Nvision 2008

Bob · Aug 28, 2008

So what's a core to you?

Jawed · Aug 28, 2008

http://en.wikipedia.org/wiki/Multi-core

GeForce 9 multi-core GPU (8 cores, 16 scalar stream processors per core)
GeForce 200 multi-core GPU (10 cores, 24 scalar stream processors per core)
Tesla multi-core GPGPU (8 cores, 16 scalar stream processors per core)

Seems right about the core count, to me. Of course that ignores the transcendental and double-precision units.

EDIT: Should add this seems right if you assume that the 2 (or 3 in TG200) MAD SIMDs + their associated transcendental units + double-precision (in GT200) + TMUs are all under the control of a single high level scheduler that issues instructions to all these units in parallel.

Jawed

armchair_architect · Aug 28, 2008

Jawed said:
http://en.wikipedia.org/wiki/Multi-core

Seems right about the core count, to me. Of course that ignores the transcendental and double-precision units.

EDIT: Should add this seems right if you assume that the 2 (or 3 in TG200) MAD SIMDs + their associated transcendental units + double-precision (in GT200) + TMUs are all under the control of a single high level scheduler that issues instructions to all these units in parallel.

Jawed

CUDA documentation gives pretty good evidence that each of the 2 or 3 units is independent of the others in the cluster. They share a texture unit, but that's about all as far as I can tell. So I'd count G80 as 16 cores and GT200 as 30.

Jawed · Aug 28, 2008

Trinibwoy found this:

http://forum.beyond3d.com/showpost.php?p=1157238&postcount=207

which puts a different perspective on things, implying that a single scheduler concurrently issues to the MAD and TMU pipes, taking heed of the pipelines' instruction issue rates.

There's extra fun to be had because the TMUs themselves seemingly consist of independent units (LOD/Bias, addressing, fetching, filtering) and so that begs the question "VLIW or superscalar?"

Similar to the question over the ALUs: "VLIW: MAD+transcendental; or superscalar?" which is why Trinibwoy linked that patent.

Jawed

aaronspink · Aug 28, 2008

Bob said:
So what's a core to you?

A collection of one or more ALUs plus registers, control, error reporting, interrupt infrastructure, memory and/or system interface and capable of autonomous operation. It certaintly isn't a single ALU as nVidia and ATI are trying to snowball people with.

But then again they can't make ridiculous statements if they have to admit they are using 10/30 core designs.

Skrying · Aug 28, 2008

I haven't seen these suggestions of 240 or 800 "cores" but instead they claim them processing units. So, I don't really understand where your comments are coming from.

bowman · Aug 28, 2008

Skrying said:
I haven't seen these suggestions of 240 or 800 "cores" but instead they claim them processing units. So, I don't really understand where your comments are coming from.

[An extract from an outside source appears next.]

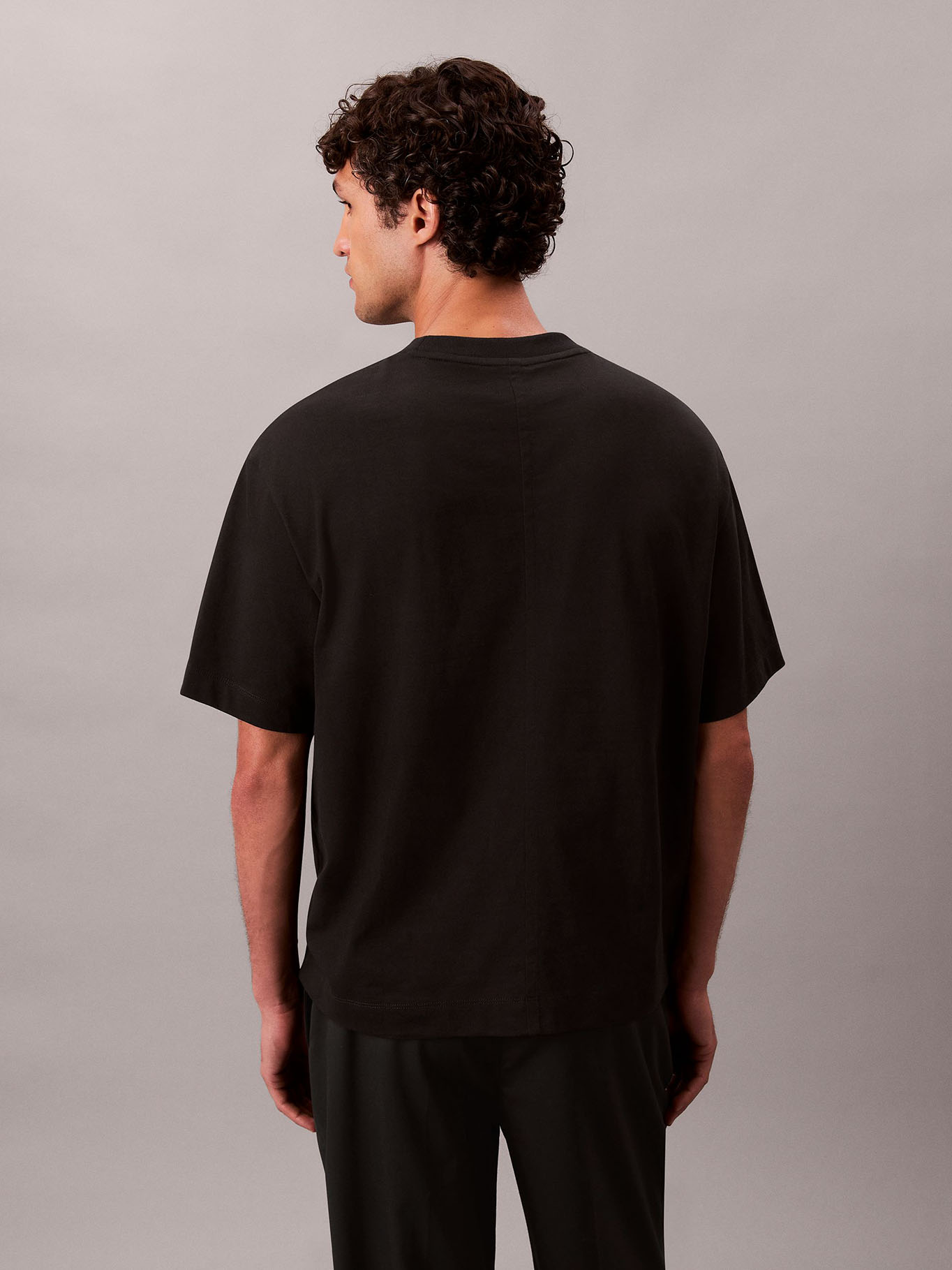 POLERA CON PARCHE DE EMBLEMA CK - 3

Nvidia constantly calls them cores. '128 cores', '240 cores' and so on.

http://www.nvidia.com/object/geforce_gtx_280.html - 'Processor cores'
http://www.nvidia.com/object/tesla_c1060.html - 'Processor cores'
http://www.nvidia.com/object/geforce_9800gtx.html - '128 cores'

http://www.amd.com/us-en/Corporate/VirtualPressRoom/0,,51_104_543,00.html - '800 cores'
http://www.nvidia.com/object/io_1213610051114.html

Davros · Aug 28, 2008

some links for y'all

http://www.hothardware.com/Articles/NVISION-08-Day-1-JenHsun-Huangs-Keynote-/
http://www.hothardware.com/Articles/NVISION-08-Day-2-Keynote-and-Exhibitors/

Humus · Aug 29, 2008

aaronspink said:
A collection of one or more ALUs plus registers, control, error reporting, interrupt infrastructure, memory and/or system interface and capable of autonomous operation.

With that definition I suppose GPUs have zero cores then.

nAo · Aug 30, 2008

Perhaps we should just not play the semantics game. It's clear that the definition of what a core is is someway 'fluid', on the other hand I wouldn't call NVIDIA streaming processors cores.

Andrew Lauritzen · Aug 30, 2008

armchair_architect said:
CUDA documentation gives pretty good evidence that each of the 2 or 3 units is independent of the others in the cluster. They share a texture unit, but that's about all as far as I can tell. So I'd count G80 as 16 cores and GT200 as 30.

Yeah my reading of the docs is the same as yours, but if that were the case, why can't I get down to 8-wide dynamic branching granularity rather than 16-wide (G80) or 24-wide (GT200)?

Jawed · Aug 30, 2008

24 on GT200, not 32? Woah.

Jawed

Arun · Aug 30, 2008

Andrew: Really? If so, I presume that's VS-only, while PS is still 32 - in which case, I guess that means the MUL is fully exposed in the VS, fun!

(heh it'd help if I ever had a GT200 in my hands, I guess)

Jawed · Aug 30, 2008

I don't understand, how would MUL affect dynamic branching coherence?

Jawed

Andrew Lauritzen · Aug 30, 2008

Arun said:
Andrew: Really? If so, I presume that's VS-only, while PS is still 32 - in which case, I guess that means the MUL is fully exposed in the VS, fun! (heh it'd help if I ever had a GT200 in my hands, I guess)

Oh I haven't tested the 24 number (don't have a GT200)... I was merely guessing from the architecture. Have you guys run the numbers on this? All I've seen is hints that it's higher on GT200 than G80.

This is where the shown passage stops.